Category Archives: Robotics

More efficient pose-graph optimization by using the cycles (loop closures) in the graph as a basis, and a nice summary of conventional pose-graph optimization

F. Bai, T. Vidal-Calleja and G. Grisetti, Sparse Pose Graph Optimization in Cycle Space, .IEEE Transactions on Robotics, vol. 37, no. 5, pp. 1381-1400, Oct 2021 DOI: 10.1109/TRO.2021.3050328.

The state-of-the-art modern pose-graph optimization (PGO) systems are vertex based. In this context, the number of variables might be high, albeit the number of cycles in the graph (loop closures) is relatively low. For sparse problems particularly, the cycle space has a significantly smaller dimension than the number of vertices. By exploiting this observation, in this article, we propose an alternative solution to PGO that directly exploits the cycle space. We characterize the topology of the graph as a cycle matrix, and reparameterize the problem using relative poses, which are further constrained by a cycle basis of the graph. We show that by using a minimum cycle basis, the cycle-based approach has superior convergence properties against its vertex-based counterpart, in terms of convergence speed and convergence to the global minimum.
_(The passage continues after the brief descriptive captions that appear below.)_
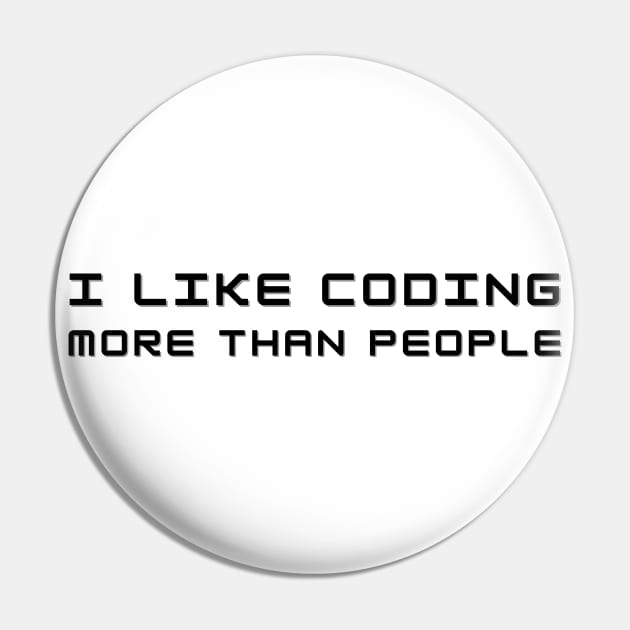 I Like Coding More Than People Web Developer Funny Pun Pin by A.P.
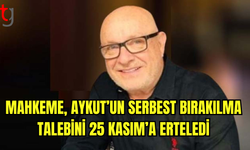 Mahkeme, Aykut’un Serbest Bırakılma Talebini 25 Kasım’a Erteledi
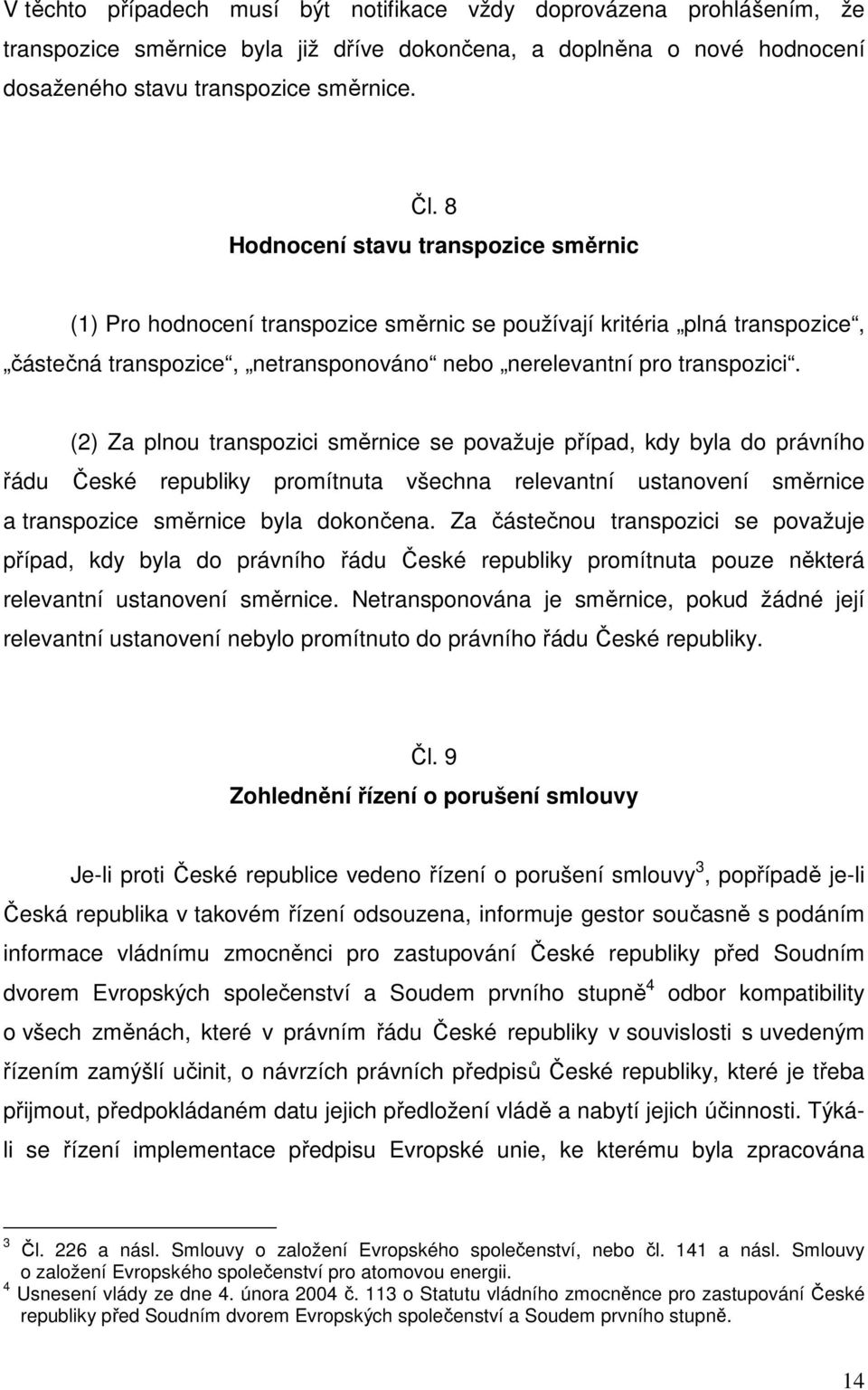 (2) Za plnou transpozici směrnice se považuje případ, kdy byla do právního řádu České republiky promítnuta všechna relevantní ustanovení směrnice a transpozice směrnice byla dokončena.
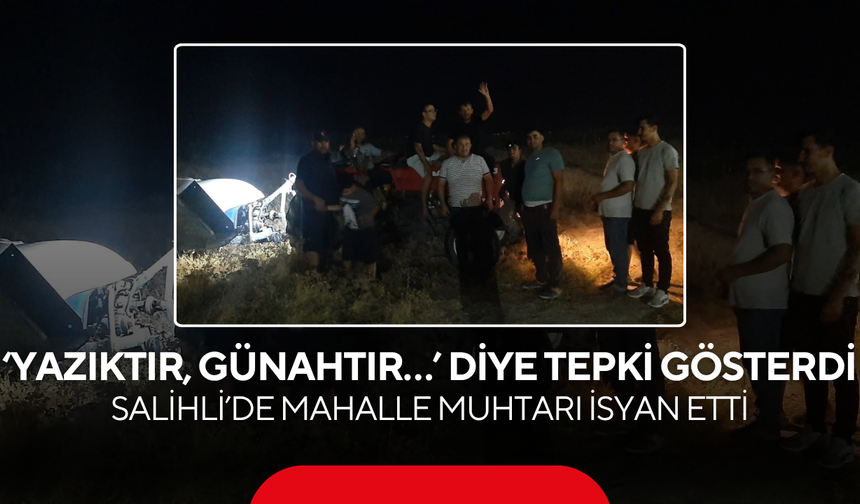‘Yazıktır, günahtır…’  diye tepki gösterdi! Salihli’de mahalle muhtarı isyan etti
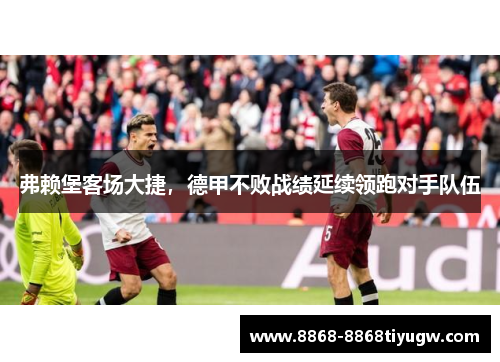 弗赖堡客场大捷，德甲不败战绩延续领跑对手队伍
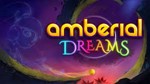 Amberial Dreams ключ Global RU/CIS РФ Россия СНГ
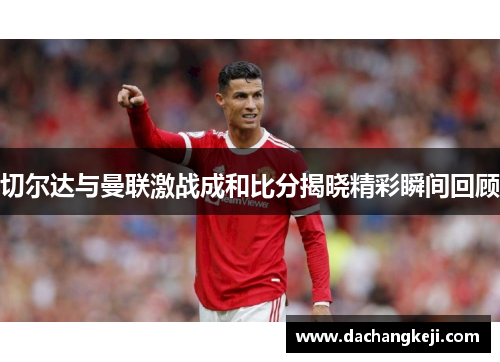 切尔达与曼联激战成和比分揭晓精彩瞬间回顾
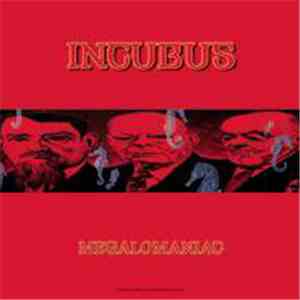Incubus  - Megalomaniac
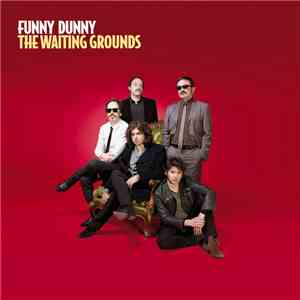 Funny Dunny - The Waiting Grounds flac album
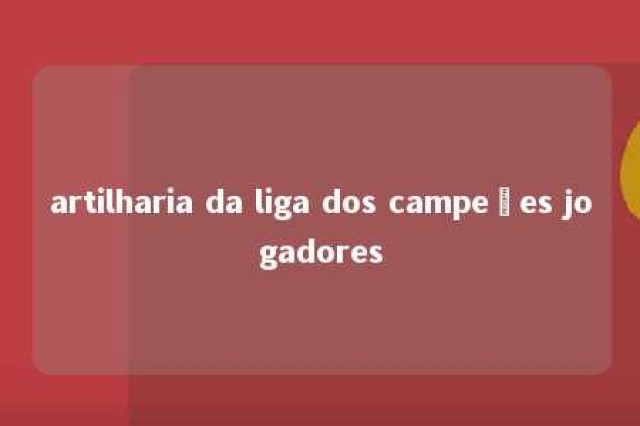 artilharia da liga dos campeões jogadores 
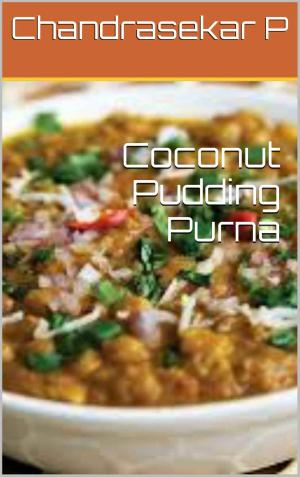 Cover of the book Coconut Pudding Purna by Sakthi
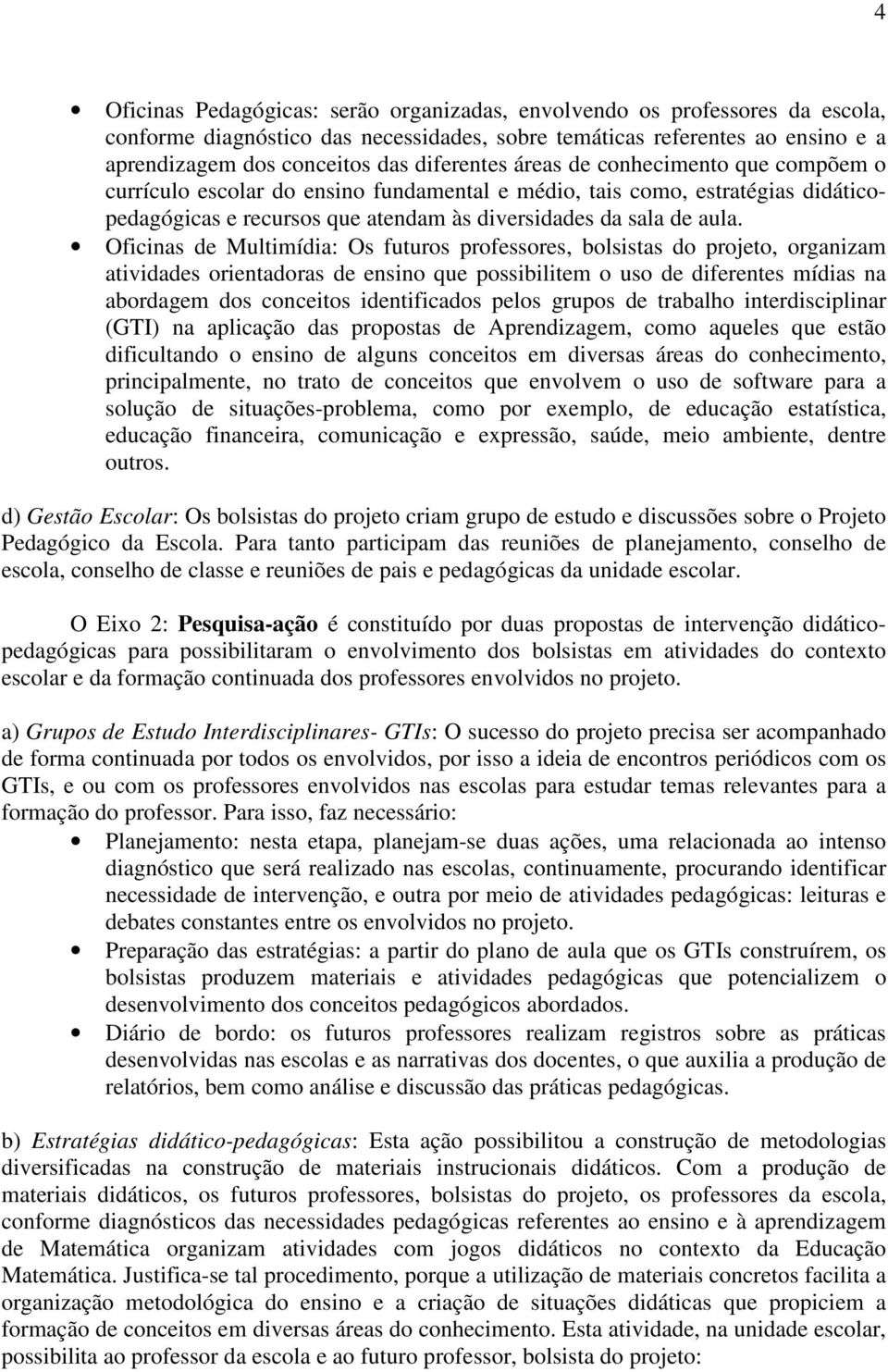 Oficinas de Multimídia: Os futuros professores, bolsistas do projeto, organizam atividades orientadoras de ensino que possibilitem o uso de diferentes mídias na abordagem dos conceitos identificados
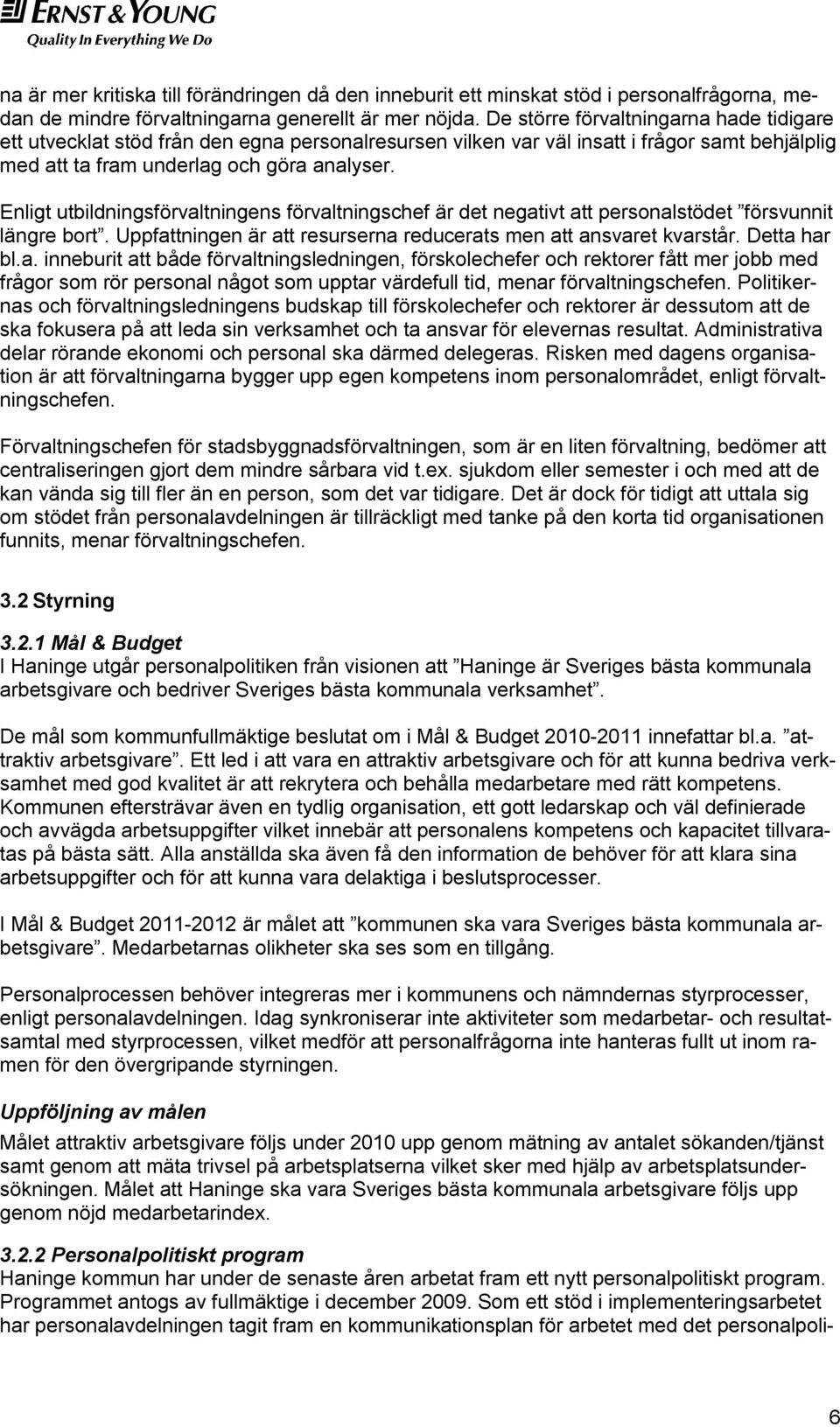 Enligt utbildningsförvaltningens förvaltningschef är det negativt att personalstödet försvunnit längre bort. Uppfattningen är att resurserna reducerats men att ansvaret kvarstår. Detta har bl.a. inneburit att både förvaltningsledningen, förskolechefer och rektorer fått mer jobb med frågor som rör personal något som upptar värdefull tid, menar förvaltningschefen.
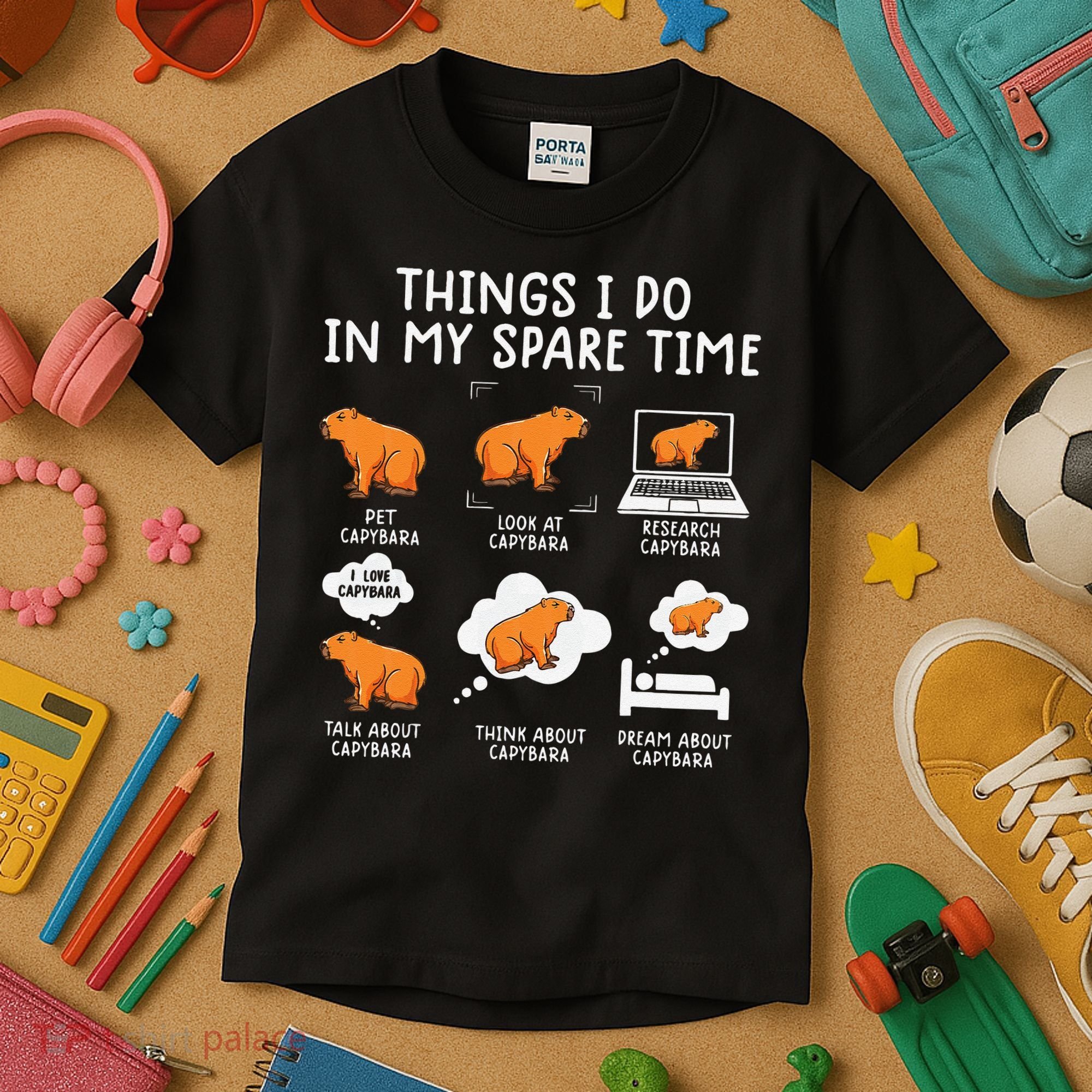 Capybaras Funny Capibara Rodent Things I Do In My Spare Time  Kids T-Shirt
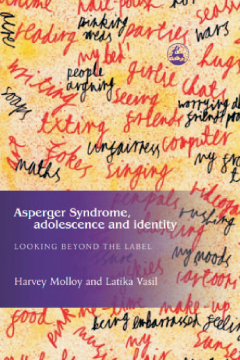 Asperger Syndrome, Adolescence, and Identity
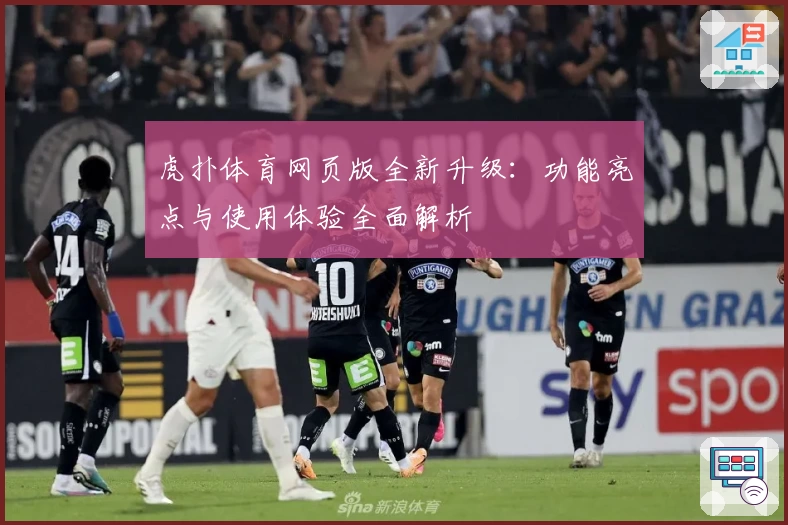 虎扑体育网页版全新升级：功能亮点与使用体验全面解析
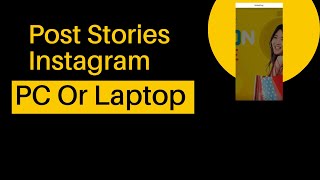 How to post stories on instagram from pc [upl. by Kali119]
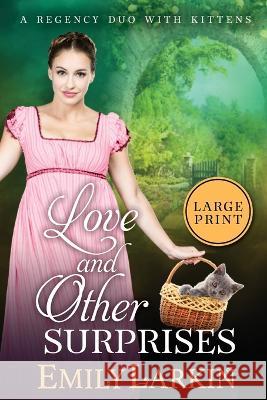 Love and Other Surprises: A Regency Duo with Kittens Emily Larkin   9780995142862 Emily Larkin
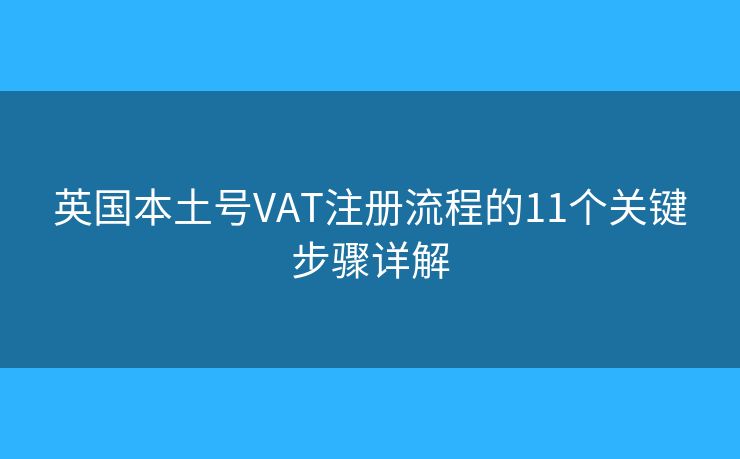 英國本土號VAT注冊流程的11個關(guān)鍵步驟詳解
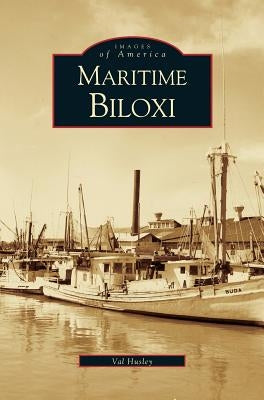 Maritime Biloxi by Husley, Val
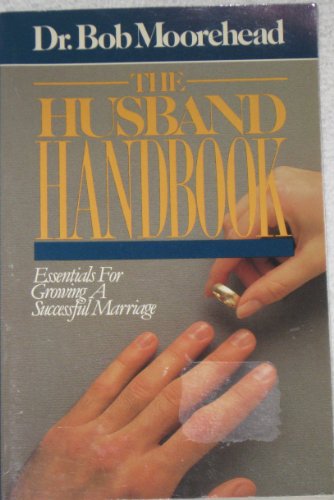 Stock image for The Husband Handbook: Essentials for Growing a Successful Marriage for sale by Wonder Book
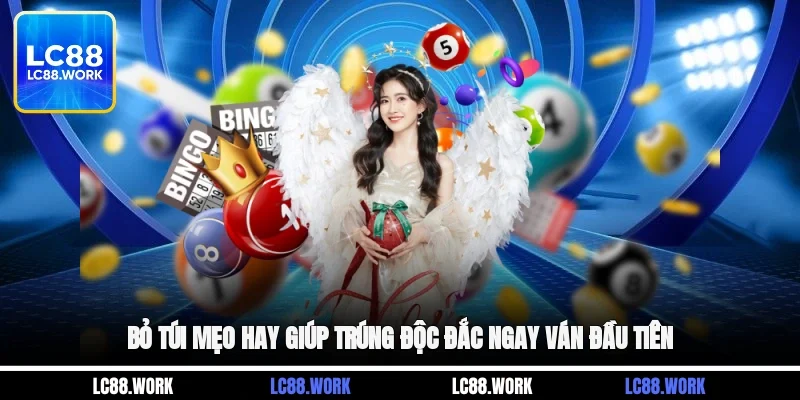 Bỏ túi mẹo hay giúp trúng độc đắc ngay ván đầu tiên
For sparse graphs, our cycle-based approach is also more time efficient than the vertex-based. As an additional contribution of this work, we present an effective algorithm to compute the minimum cycle basis. Albeit known in computer science, we believe that this algorithm is not familiar to the robotics community. All the claims are validated by experiments on both standard benchmarks and simulated datasets. To foster the reproduction of the results, we provide a complete open-source C++ implementation 1 of our approach.

Learning rewards from diverse human sources

Bıyık E, Losey DP, Palan M, Landolfi NC, Shevchuk G, Sadigh D., Learning reward functions from diverse sources of human feedback: Optimally integrating demonstrations and preferences, . The International Journal of Robotics Research. 2022;41(1):45-67 DOI: 10.1177/02783649211041652.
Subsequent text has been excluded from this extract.